Investigative reporter Bill Raden of Capitol & Main exposes the political machinations of the billionaire-funded charter industry, which wants more kids, more schools, more market share. Enough is never enough.

Expenditures by charter school lobbying groups was near $24 million, pumped into 35 legislative races. The charter industry wants to buy influence to protect its market share.

Raden writes:

California’s “school choice” movement has always benefited from generous subsidies by a narrow spectrum of big-spending entrepreneurs, many of whom are billionaires. Their wealth has helped give the state the highest number of charter schools in the U.S., even as their election largess has left it with the nation’s most expensive school board elections.

Capital & Main’s analysis of the latest campaign-finance records for the five largest charter school IECs reveals that those same personal fortunes are at the center of the charters’ apparent attempt to buy some Sacramento political insurance against a growing resistance among both lawmakers and the public to the industry’s unbridled expansion in the state.
The amount spent by charter IECs represents about $40 for each of California’s 581,100 charter school students, and a 300 percent jump from 2014 charter election spending — about 570 percent over 2012.
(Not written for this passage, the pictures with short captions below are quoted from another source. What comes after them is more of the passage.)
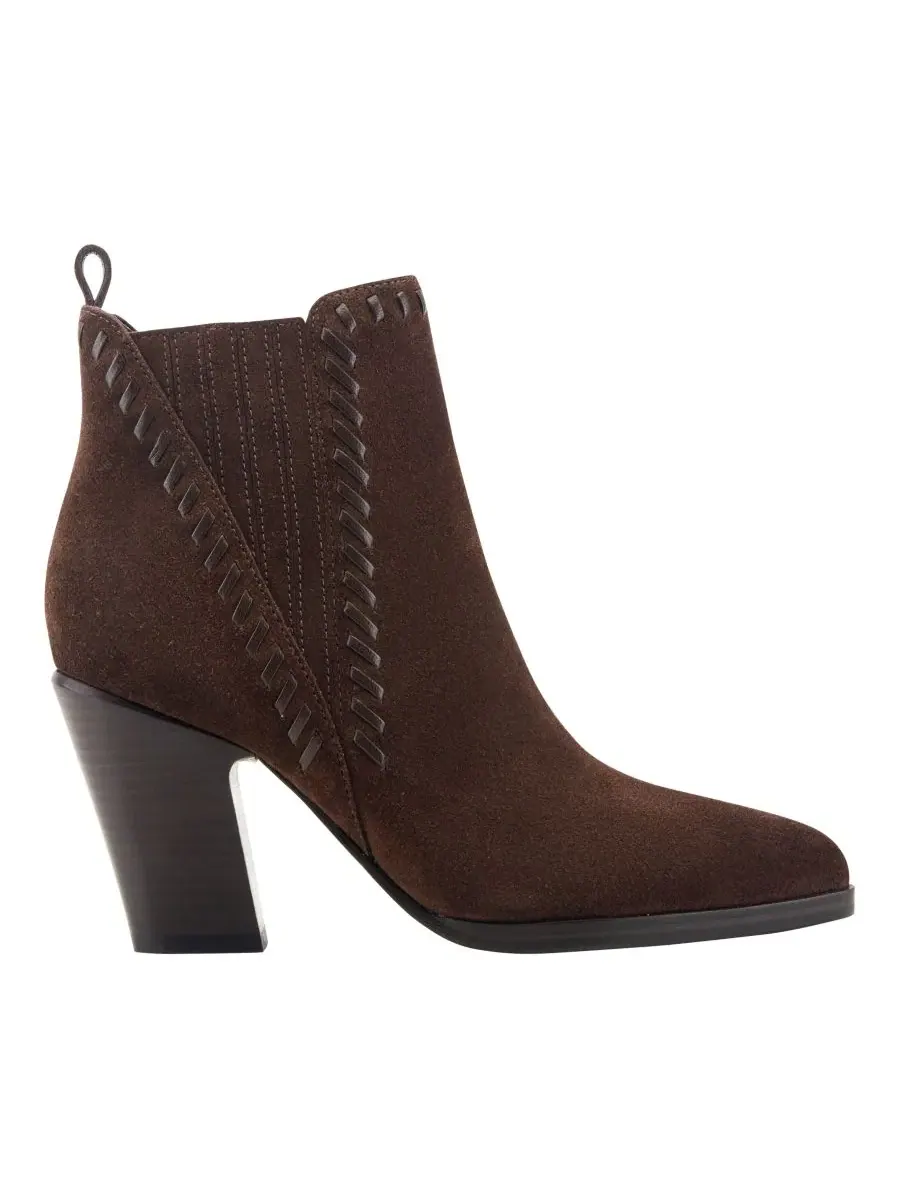 Ботильоны на каблуке Alvira Whipstitch Block Heel Marc Fisher LTD — изображение 2 из 5, темный коричневый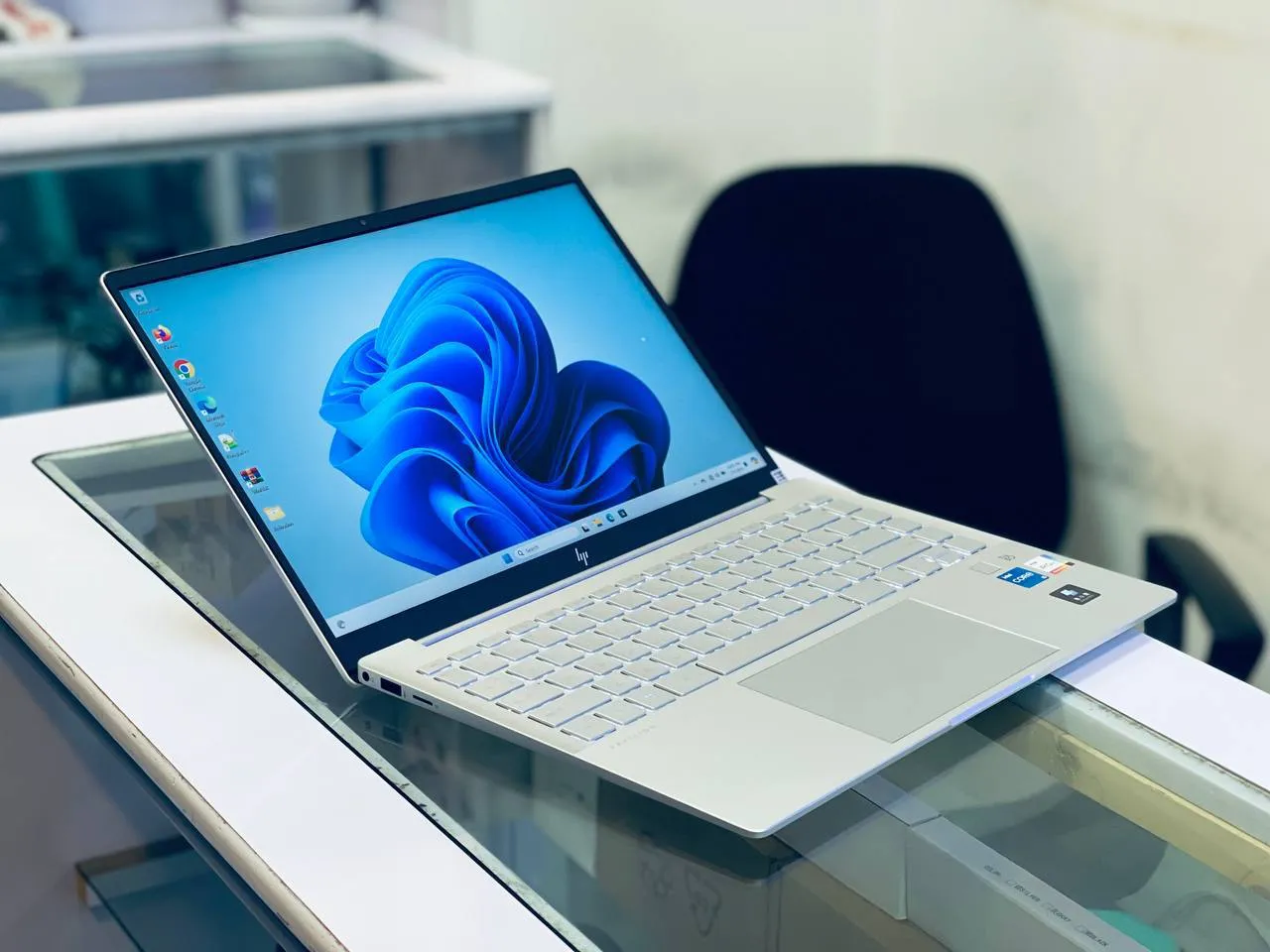 HP Pavilion Plus Core i5 Laptop – photo 5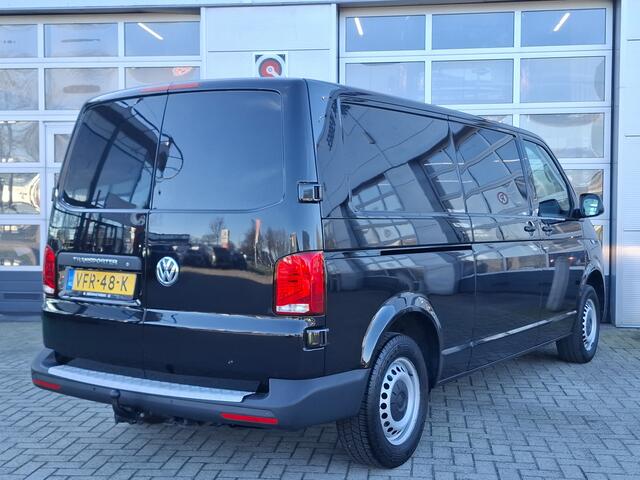 Volkswagen TRANSPORTER 2.0 TDI L2H2 28 Highline | Navigatie/Android/Apple Carplay | PDC voor en Achter | Cruise Control | DAB | Airco |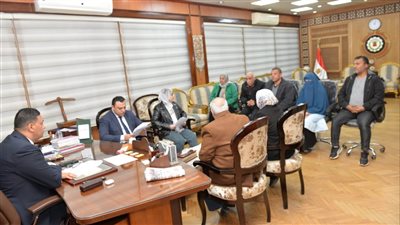 محافظ الدقهلية يجري مقابلات مع المهندسين العاملين بمديريات الخدمات 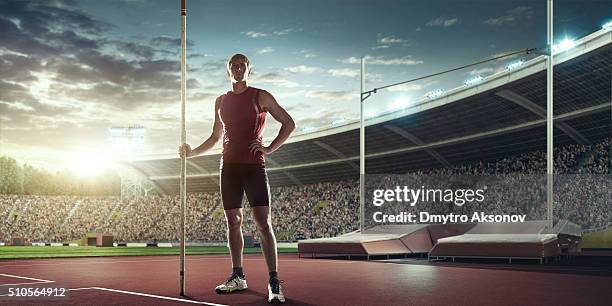 male pole vaulting athlete - stavhopp bildbanksfoton och bilder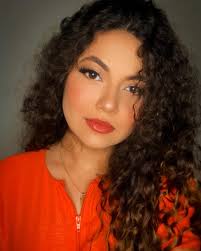 𝐃𝐚𝐧𝐢𝐞𝐥𝐥𝐞 𝐂𝐚𝐯𝐚𝐥𝐜𝐚𝐧𝐭𝐢 𝐁𝐞𝐧𝐞𝐯𝐢𝐝𝐞𝐬 🌸 (@daniellecb_)  • Instagram photos and videos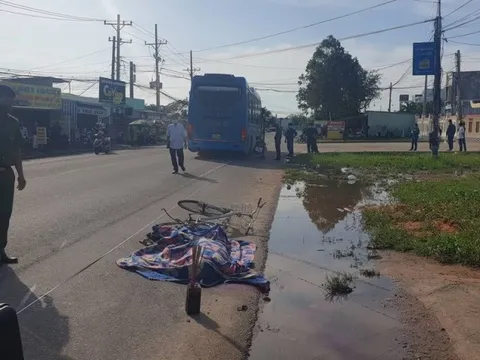 Bình Thuận: Xe ô tô khách 51 chỗ va chạm với xe đạp khiến 1 người tử vong tại chỗ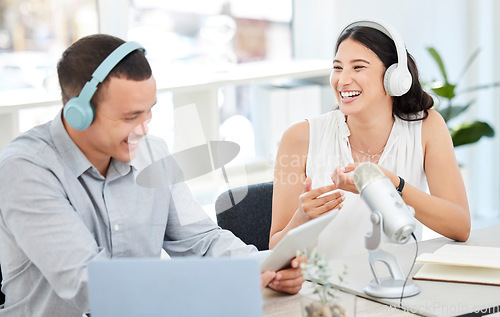 Image of Laughing, man or happy woman live streaming podcast or online radio on social media broadcast together. Funny influencer, teamwork or journalist reporters listening, discussion or speaking of comedy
Most of the charters’ IE spending (88 percent) was directed by three committees that served as the 501(c)(4) political arms of industry lobbyists California Charter School Association (CCSA) and EdVoice, the charter school advocacy nonprofit founded by Netflix CEO Reed Hastings: CCSA’s California Charter Schools Association Advocates IE Committee, and the Parent Teacher Alliance (sponsored by the CCSA’s IEC); and the EdVoice Independent Expenditure Committee. (Neither EdVoice nor CCSA responded to requests to comment for this article.)

The remainder was distributed by the Govern for California Action Committee, a PAC controlled by anti-public-pension gadfly and neoliberal Democrat David Crane; and by Parents and Teachers for Student Success – StudentsFirst, the IEC of the national pro-charter group founded by Michelle Rhee.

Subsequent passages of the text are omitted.